SOURCE RECORDS.
——

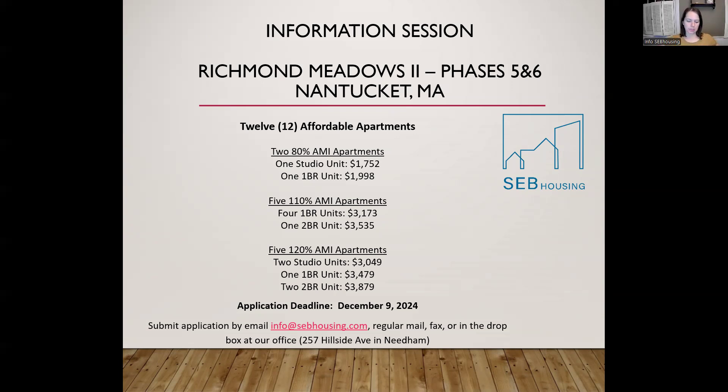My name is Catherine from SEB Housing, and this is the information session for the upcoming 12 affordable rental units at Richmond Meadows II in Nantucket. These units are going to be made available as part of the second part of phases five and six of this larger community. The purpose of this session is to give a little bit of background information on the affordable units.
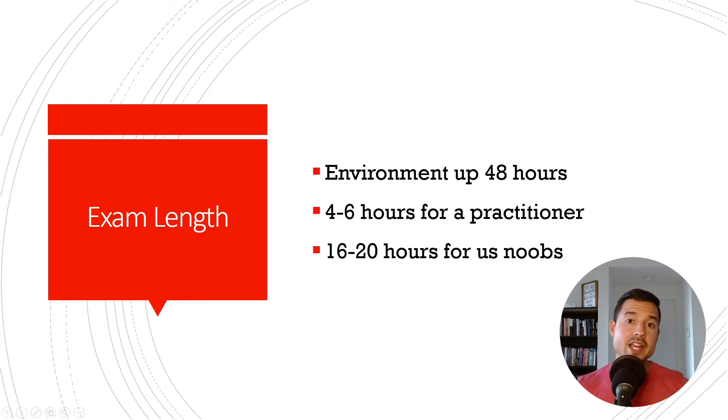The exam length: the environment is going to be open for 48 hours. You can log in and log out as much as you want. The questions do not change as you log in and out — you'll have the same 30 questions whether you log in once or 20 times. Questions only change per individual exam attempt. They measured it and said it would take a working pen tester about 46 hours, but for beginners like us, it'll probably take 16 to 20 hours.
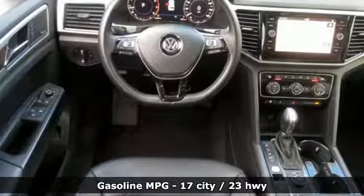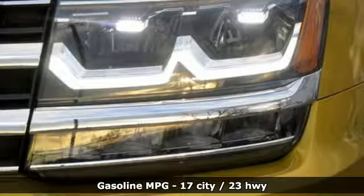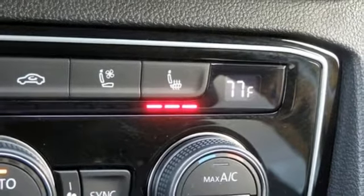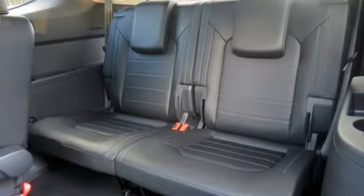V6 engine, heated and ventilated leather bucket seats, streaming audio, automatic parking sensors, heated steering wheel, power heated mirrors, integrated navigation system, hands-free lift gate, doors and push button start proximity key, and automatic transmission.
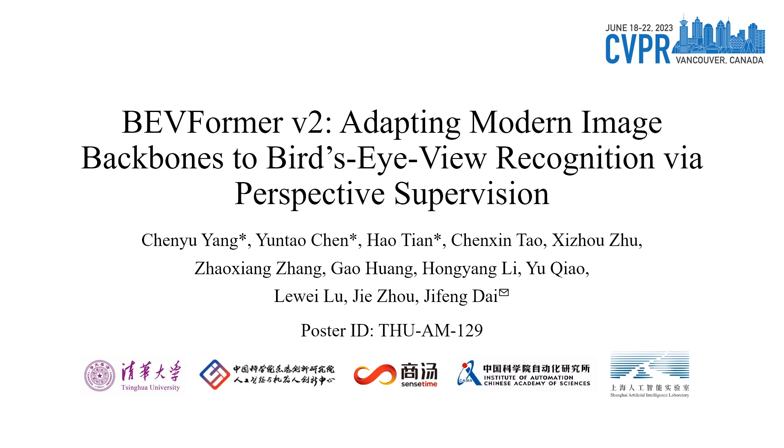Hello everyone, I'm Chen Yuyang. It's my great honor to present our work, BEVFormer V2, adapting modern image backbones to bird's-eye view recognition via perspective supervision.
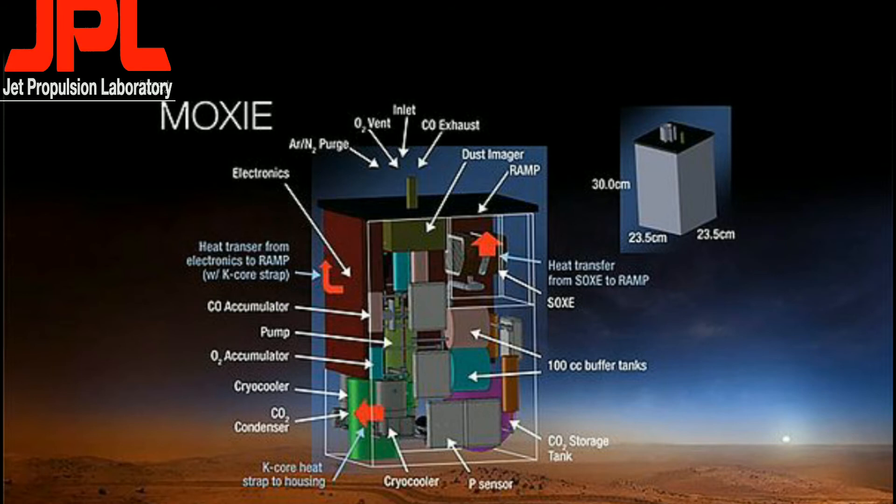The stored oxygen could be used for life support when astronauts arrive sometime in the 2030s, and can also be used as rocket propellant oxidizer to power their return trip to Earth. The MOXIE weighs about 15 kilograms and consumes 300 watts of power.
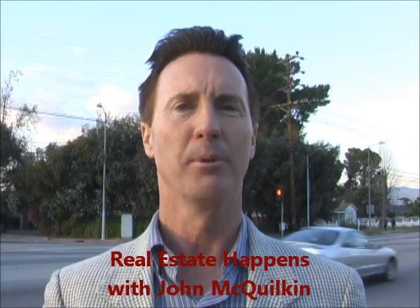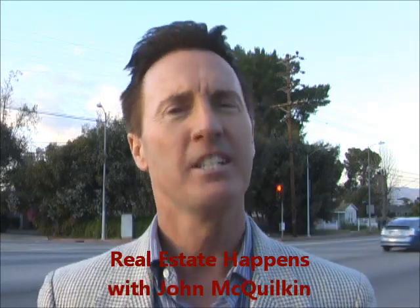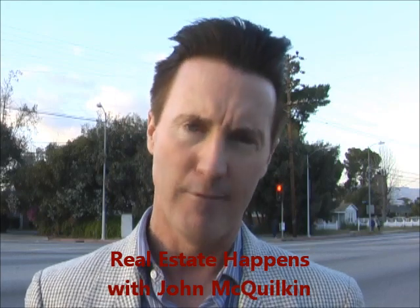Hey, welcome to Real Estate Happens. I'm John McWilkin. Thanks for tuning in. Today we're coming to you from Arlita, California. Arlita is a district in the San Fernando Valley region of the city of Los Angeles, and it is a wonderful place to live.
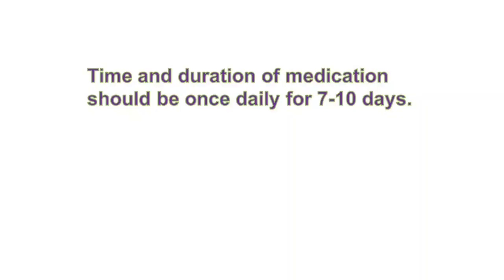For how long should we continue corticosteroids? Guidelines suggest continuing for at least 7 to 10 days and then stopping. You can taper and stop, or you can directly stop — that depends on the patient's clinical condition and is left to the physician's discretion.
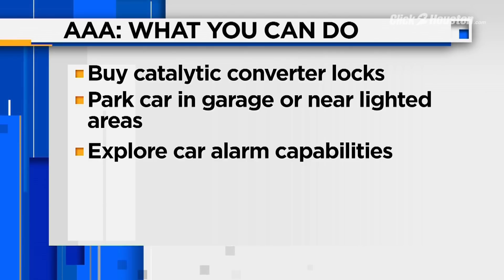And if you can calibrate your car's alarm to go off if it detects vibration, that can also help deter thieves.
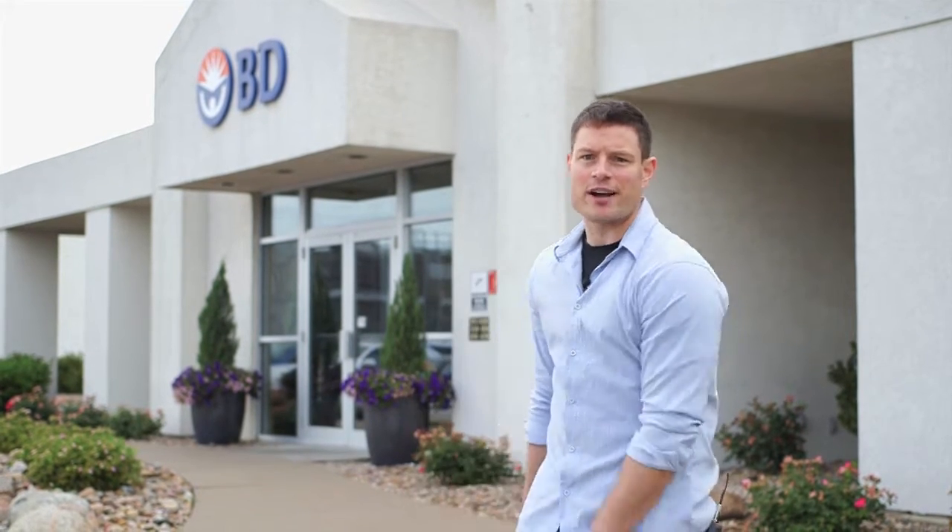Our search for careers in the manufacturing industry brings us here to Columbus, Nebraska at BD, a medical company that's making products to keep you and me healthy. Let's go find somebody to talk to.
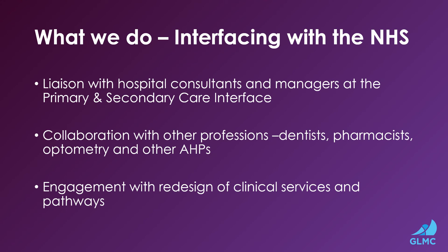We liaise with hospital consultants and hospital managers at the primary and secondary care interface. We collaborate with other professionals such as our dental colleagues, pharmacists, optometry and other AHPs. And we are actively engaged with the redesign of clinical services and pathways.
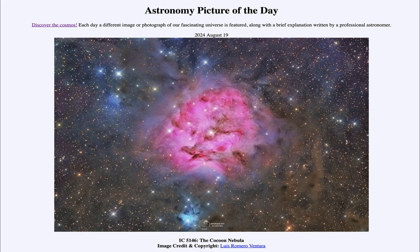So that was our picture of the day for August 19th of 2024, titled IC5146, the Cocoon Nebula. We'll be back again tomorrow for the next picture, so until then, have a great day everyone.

——

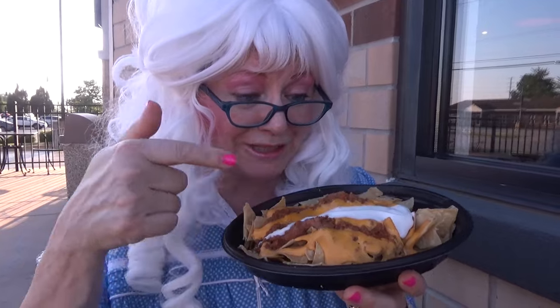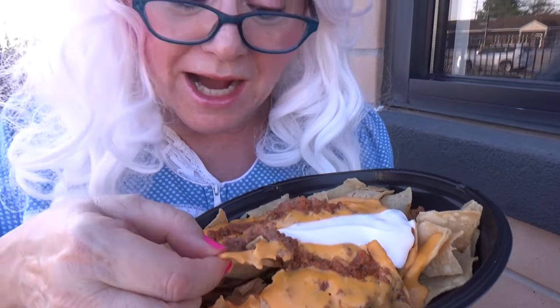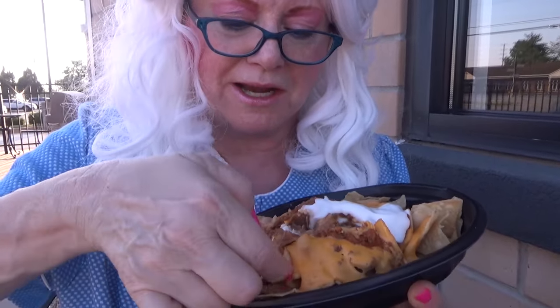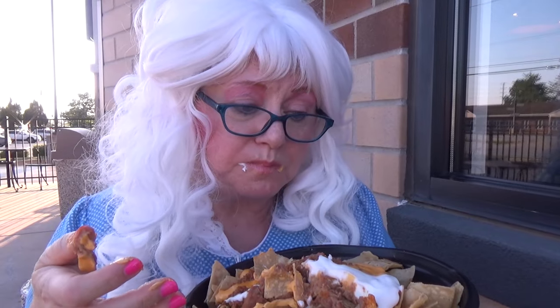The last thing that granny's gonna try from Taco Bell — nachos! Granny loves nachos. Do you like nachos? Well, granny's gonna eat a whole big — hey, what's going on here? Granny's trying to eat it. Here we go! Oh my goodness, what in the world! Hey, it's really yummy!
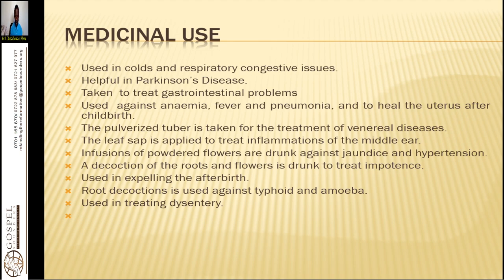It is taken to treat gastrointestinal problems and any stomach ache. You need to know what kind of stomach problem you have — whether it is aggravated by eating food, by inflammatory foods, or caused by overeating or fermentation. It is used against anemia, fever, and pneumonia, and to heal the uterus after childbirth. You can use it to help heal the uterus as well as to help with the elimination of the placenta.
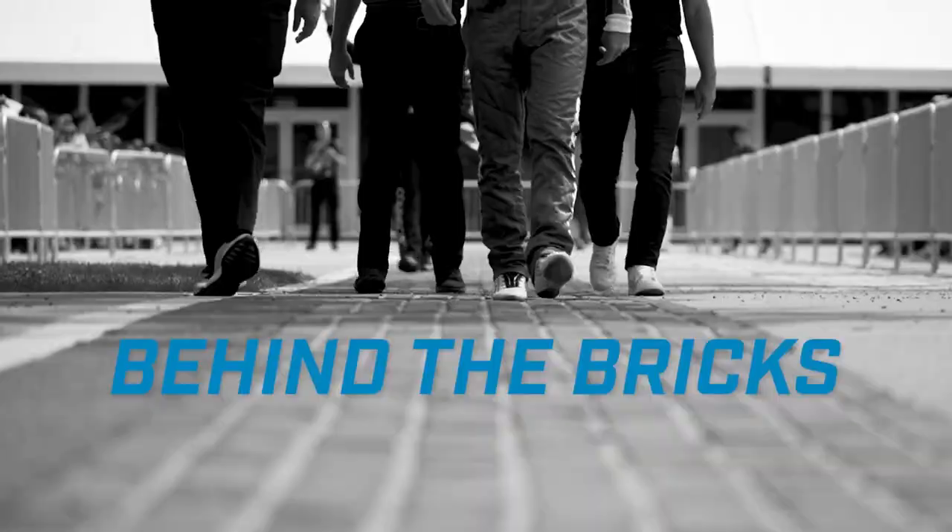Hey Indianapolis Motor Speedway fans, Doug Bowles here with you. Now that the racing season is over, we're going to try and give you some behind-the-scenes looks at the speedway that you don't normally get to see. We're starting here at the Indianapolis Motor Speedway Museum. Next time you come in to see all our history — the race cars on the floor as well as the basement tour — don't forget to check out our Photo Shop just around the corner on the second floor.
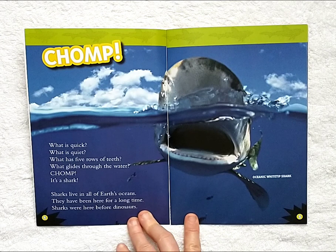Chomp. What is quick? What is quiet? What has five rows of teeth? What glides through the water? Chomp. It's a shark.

——

EXERCISE DIRECTIONS.
Set down again, word for word, every line from the one with "My name is Catherine" to the one with "And if you can" in the entries above, and omit the pictures.

SOLUTION.
My name is Catherine from SEB Housing, and this is the information session for the upcoming 12 affordable rental units at Richmond Meadows II in Nantucket. These units are going to be made available as part of the second part of phases five and six of this larger community. The purpose of this session is to give a little bit of background information on the affordable units.
The exam length: the environment is going to be open for 48 hours. You can log in and log out as much as you want. The questions do not change as you log in and out — you'll have the same 30 questions whether you log in once or 20 times. Questions only change per individual exam attempt. They measured it and said it would take a working pen tester about 46 hours, but for beginners like us, it'll probably take 16 to 20 hours.
V6 engine, heated and ventilated leather bucket seats, streaming audio, automatic parking sensors, heated steering wheel, power heated mirrors, integrated navigation system, hands-free lift gate, doors and push button start proximity key, and automatic transmission.
Hello everyone, I'm Chen Yuyang. It's my great honor to present our work, BEVFormer V2, adapting modern image backbones to bird's-eye view recognition via perspective supervision.
The stored oxygen could be used for life support when astronauts arrive sometime in the 2030s, and can also be used as rocket propellant oxidizer to power their return trip to Earth. The MOXIE weighs about 15 kilograms and consumes 300 watts of power.
Hey, welcome to Real Estate Happens. I'm John McWilkin. Thanks for tuning in. Today we're coming to you from Arlita, California. Arlita is a district in the San Fernando Valley region of the city of Los Angeles, and it is a wonderful place to live.
For how long should we continue corticosteroids? Guidelines suggest continuing for at least 7 to 10 days and then stopping. You can taper and stop, or you can directly stop — that depends on the patient's clinical condition and is left to the physician's discretion.
And if you can calibrate your car's alarm to go off if it detects vibration, that can also help deter thieves.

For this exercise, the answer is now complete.